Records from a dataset
********

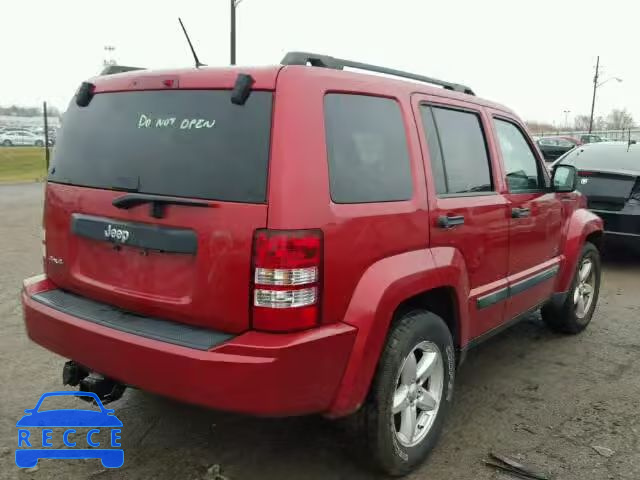 2009 JEEP LIBERTY SP 1J8GN28K19W544673 image 3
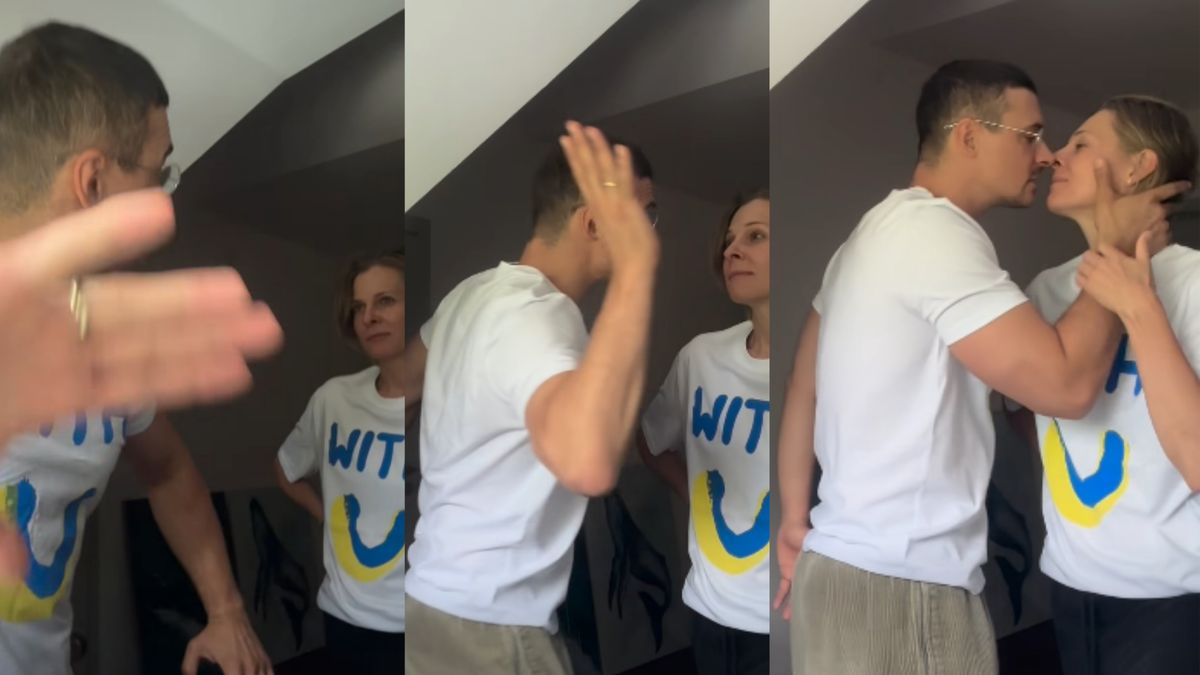 Mateusz Damięcki i jego żona z wymownym wideo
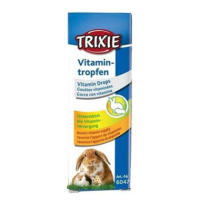 Trixie Vitamin Tropfen Vitamínové kapky pro malé hlodavce a králíky 15ml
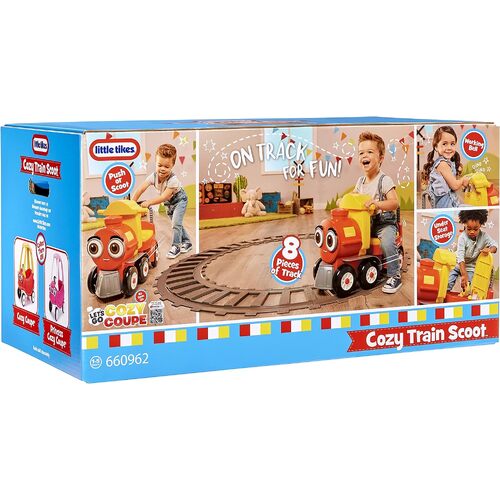 Little Tikes Cozy Train Scoot with Track 660962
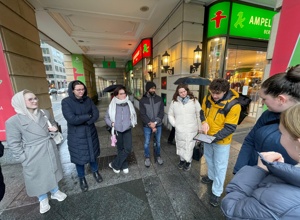 NMUN Würzburg - Junge Studierende erkunden die Welt der Diplomatie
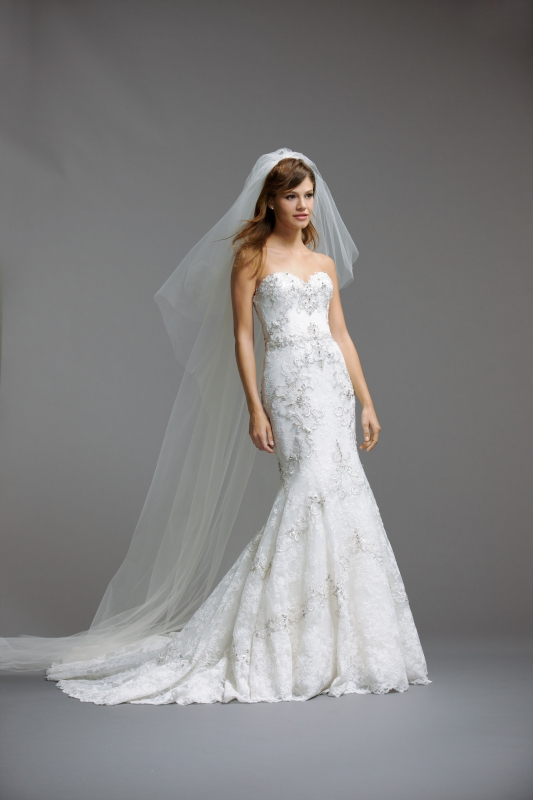 Watters - Spring 2014 Bridal Collection - Olina Wedding Dress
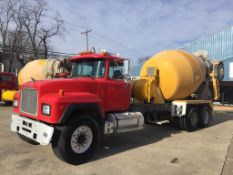 1999 Mack RD6885 Concrete Mixer Truck, Miles:193396, Hours:22420, VIN: 1M2P267COXMO42940, Engine:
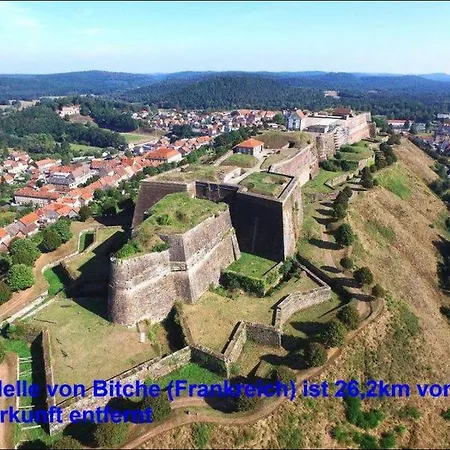 Pfaelzer Felsenlandschaft Appartement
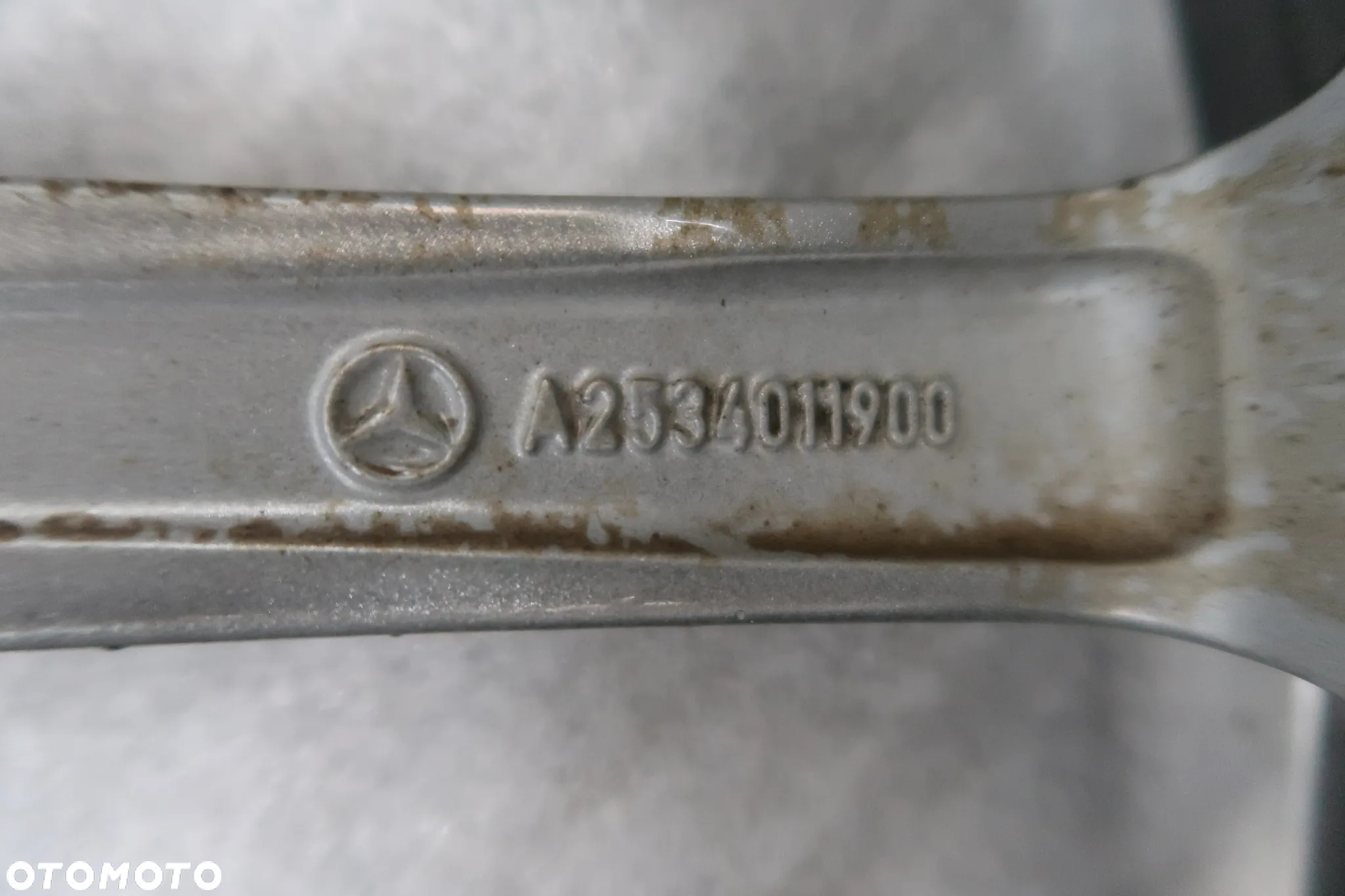 C50/C51 FELGA MERCEDES GLC A2534011900 8,5X20ET40 - 14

********

Problem description =
What is wanted is a word-for-word restatement of the entries, without their images.

Response area =
 2009 JEEP LIBERTY SP 1J8GN28K19W544673 image 3
 Mateusz Damięcki i jego żona z wymownym wideo
 Trixie Vitamin Tropfen Vitamínové kapky pro malé hlodavce a králíky 15ml
 Little Tikes Cozy Train Scoot with Track 660962
 NMUN Würzburg - Junge Studierende erkunden die Welt der Diplomatie
 Watters - Spring 2014 Bridal Collection - Olina Wedding Dress
 1999 Mack RD6885 Concrete Mixer Truck, Miles:193396, Hours:22420, VIN: 1M2P267COXMO42940, Engine:
 Pfaelzer Felsenlandschaft Appartement
 C50/C51 FELGA MERCEDES GLC A2534011900 8,5X20ET40 - 14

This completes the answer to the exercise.